Supplied information =
****************************************

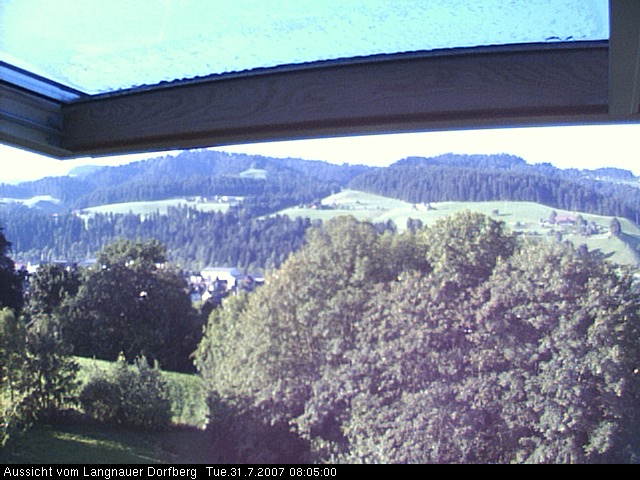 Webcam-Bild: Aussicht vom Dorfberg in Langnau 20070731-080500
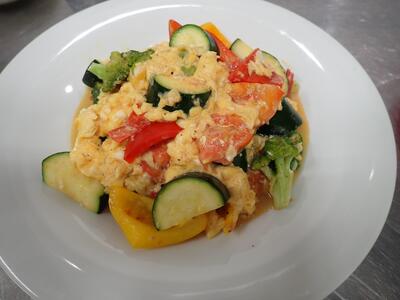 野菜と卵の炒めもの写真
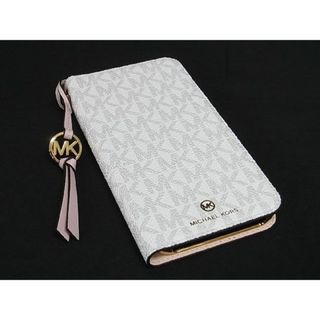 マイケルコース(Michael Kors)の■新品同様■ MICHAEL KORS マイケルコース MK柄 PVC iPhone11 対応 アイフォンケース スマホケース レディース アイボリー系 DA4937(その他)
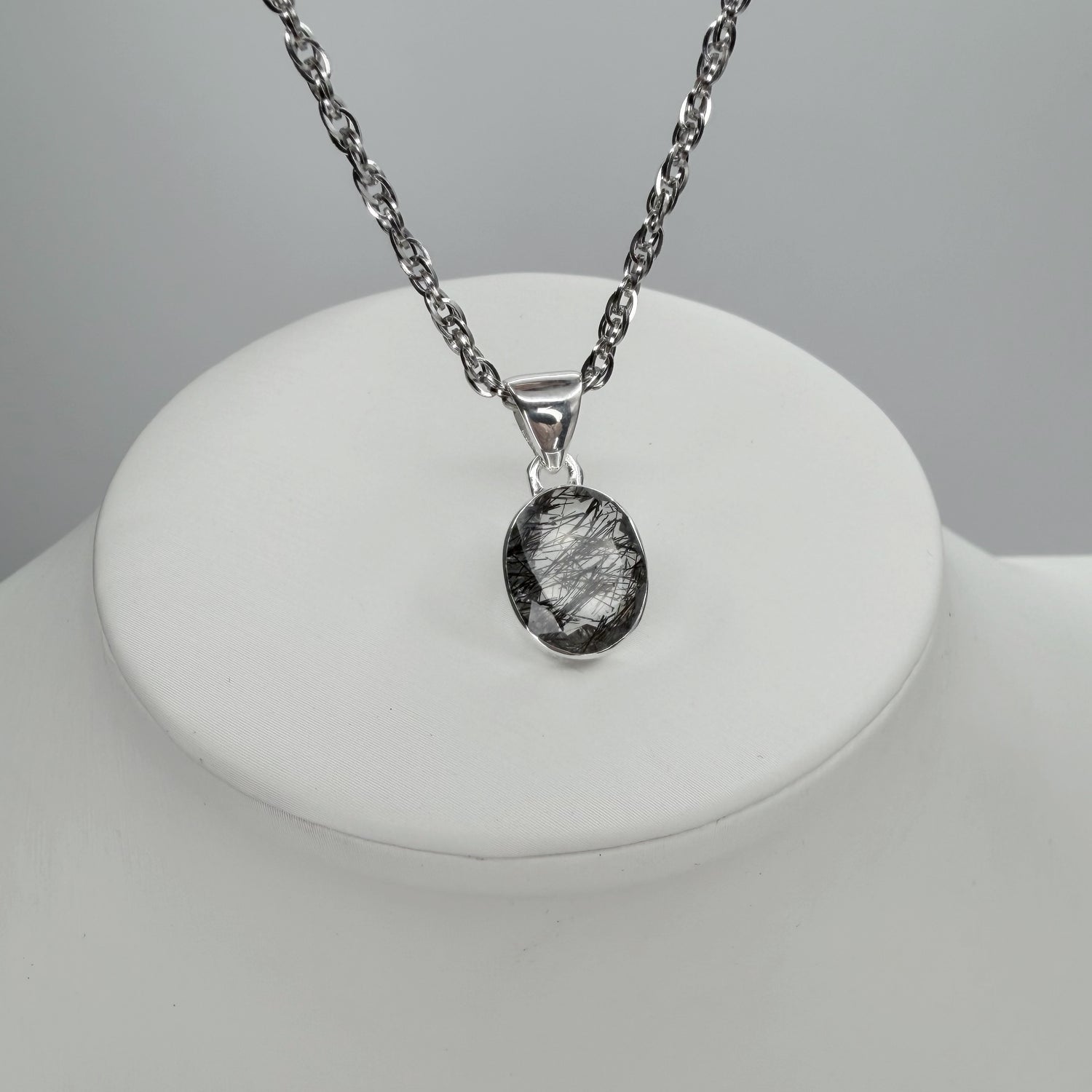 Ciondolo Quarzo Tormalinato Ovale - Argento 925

****************************************

About this exercise =
Transcribe everything above exactly. Do not include the pictures.

Result of this task =
 Webcam-Bild: Aussicht vom Dorfberg in Langnau 20070731-080500
 野菜と卵の炒めもの写真
 マイケルコース(Michael Kors)の■新品同様■ MICHAEL KORS マイケルコース MK柄 PVC iPhone11 対応 アイフォンケース スマホケース レディース アイボリー系 DA4937(その他)
 Ciondolo Quarzo Tormalinato Ovale - Argento 925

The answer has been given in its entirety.